Ho deciso di trascrivere un dialogo che ebbe Stefano Breccia con un alieno del gruppo W56 avvenuto nel maggio del 1967 in un bar di Bologna. Ricordiamo che il caso “Amicizia” si distingueva dal fatto che gli esseri ET erano quasi identici a noi a parte le misure che variavano ( anche se in realtà c’erano altre razze ma più o meno simili fra loro), c’erano esseri che arrivavano ad un’altezza di 3,50 m per loro era già + difficile inserirsi in mezzo alla gente comune, e le mani che erano più lunghe delle nostre.

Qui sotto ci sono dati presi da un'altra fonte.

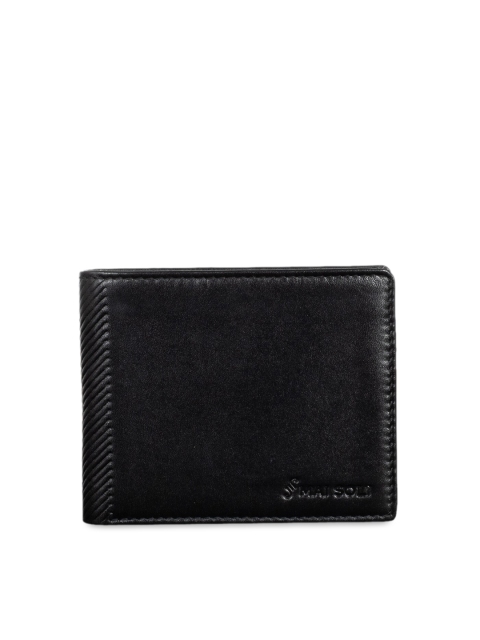 

MAI SOLI Men Black Solid Genuine Leather Two Fold Wallet
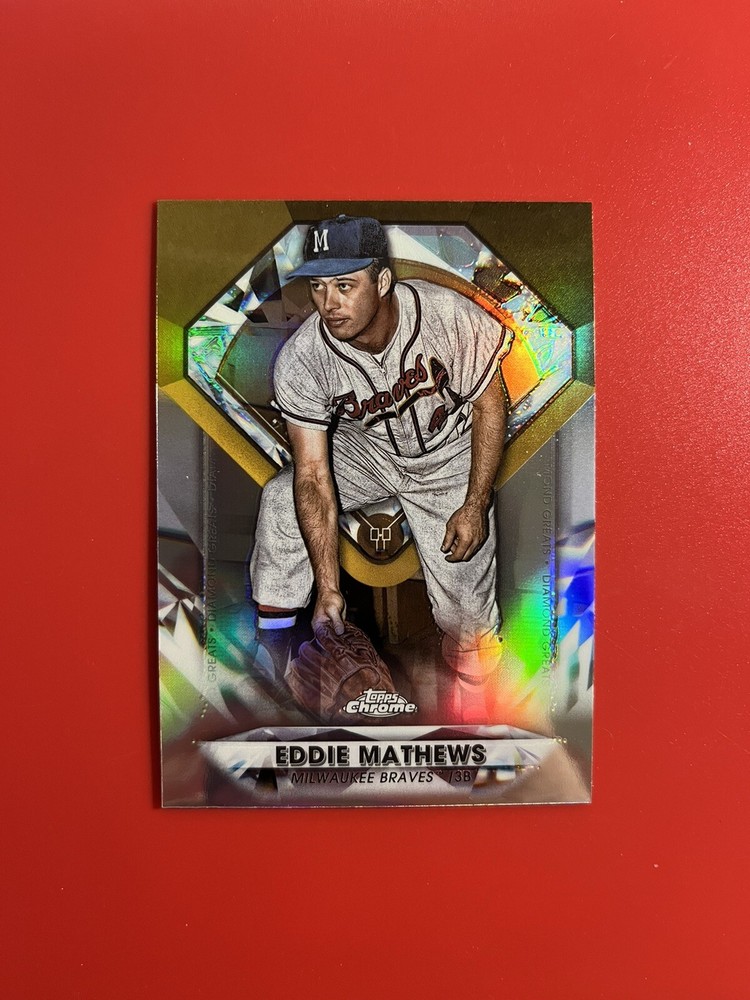 2022 Chrome Diamond Greats Die Cuts #DGC-62 Eddie Mathews Baseball Card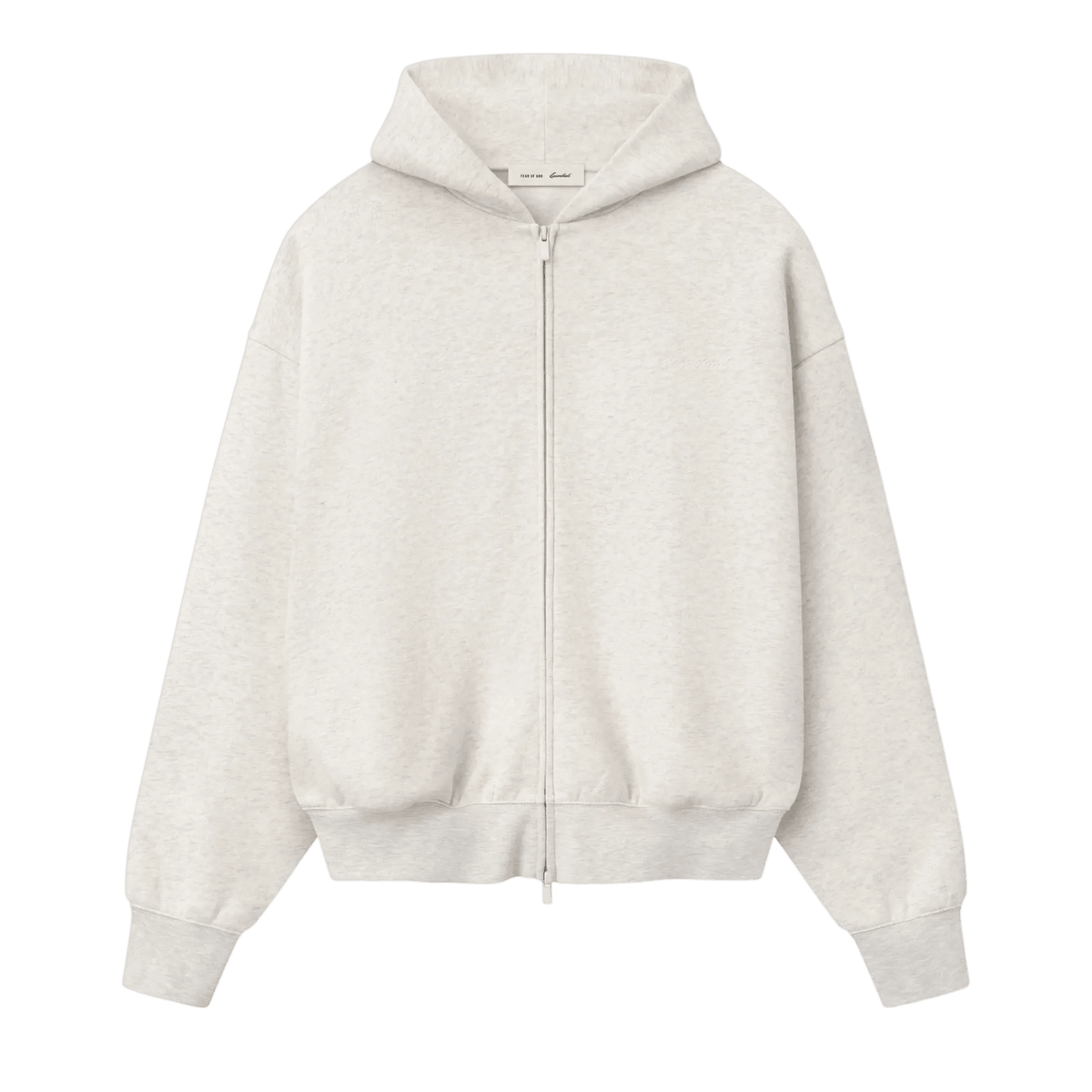 Fear Of God Essentials Signature Classic Full Zip Hoodie Oatmeal Heather/Light Heather - Im Your Wardrobe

Molti di loro parlavano parecchie lingue terrestri, alcuni sapevano anche i dialetti, erano esseri molto intelligenti, quindi in questo dialogo Stefano B. parla con uno di loro, non ha dato il nome perché per questa gente i nomi non avevano molta importanza, quindi anche nel libro si legge che venivano inventati di sana pianta, come anche la sigla W56 (W di vittoria, 56 il presunto anno in cui iniziarono i contatti, questa sigla fu inventata da Bruno Salmaciccia, forse anche CTR anche se non è specificato nel libro), questa cosa si viene a scoprire leggendo il libro di Stefano Breccia il quale era un amico di Bruno. Partecipò anche lui anche se in maniera meno compromettente. Ovviamente nel libro è spiegata tutta la storia dal principio alla fine, già, perché a quanto pare, il caso “Amicizia” non finì nel migliore dei modi. Molta gente terrestre che si volle unire al gruppo di Bruno Salmaciccia creo problemi, alcuni impazzirono, altri tradirono il gruppo. Così i CTR riuscirono ad avere la meglio su questa gente terrestre, questo perché gli uomini che si vollero inserire nel gruppo non erano abbastanza forti. Si presero di panico ed alcuni dei più coinvolti, quelli che non si credevano pazzi, ma avevano paura delle possibili conseguenze, infamarono Bruno ed il resto del gruppo. A tal punto che non c’era più unione, a parte pochi, quindi il gruppo pian piano si sciolse, e, i W56, tra le varie guerre contro i CTR e la situazione che si venne a creare, fu costretto ad andarsene via. Tutto questo dopo 20 anni di “Amicizia” con i terrestri.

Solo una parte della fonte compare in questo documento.